After discussing the options with her husband, John Huffman, who was a professor of Organic Chemistry at Clemson University, Moss decided to apply for the job and obviously ended up with the job.

For the first year, Moss lived in an apartment in the basement of a house and later bought a house near campus. All that was furnished was the kitchen, and Moss spent evenings and weekends painting the entire house, which then became their home. Huffman rented an apartment near Clemson and did the traveling to and from Cullowhee for the next few years. Huffman retired three years ago from Clemson after 50 years of teaching, and they now live together in their home here.

Moss teaches classes such as undergraduate and MBA-level business statistics and undergraduate operations management. Operations management, according to Moss, is “anything that takes inputs and turns it into output.”

Undergraduate business statistics is her favorite subject to teach because, “I get to go into class and it’s like playing, because statistics is everywhere, and it’s amazing how much students know that they don’t know that they know.”

In her spare time, Moss enjoys cooking, gardening, and making jams and jellies during the summer. She also enjoys reading, although she generally waits until the summer or winter breaks in order to have time to fully embrace the novels she reads.

Moss has a great relationship with her family, which anyone can see when they walk into her office, from the various pictures of her nieces and nephews, as well as a plaque from her mother that sits on her bookshelf.
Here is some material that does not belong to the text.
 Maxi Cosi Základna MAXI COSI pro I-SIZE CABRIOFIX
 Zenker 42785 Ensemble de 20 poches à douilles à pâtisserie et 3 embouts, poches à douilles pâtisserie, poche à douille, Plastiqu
The other thing that you’ll see on her bookshelf, aside from books, is a crow named Roy.

Roy is a pretty good piece of taxidermy who is named after Roy Bailey, a former organic chemistry professor at Clemson University. He was passed to Moss’ husband when Bailey retired, and when Huffman retired, Moss knew she had to have him as her office companion.

Moss really seems to love her job as a teacher, and I can definitely understand why she has such rave reviews from her students.

She said, “You have no idea how cool it is when you can show somebody that they can do something that they thought was gonna be hard. You show them they can do it, it’s the coolest thing in the world. They walk in there, and they think it’s gonna be really hard. They’ve dreaded it, they’ve put it off . . .but then you show them how smart they are. It’s so cool!”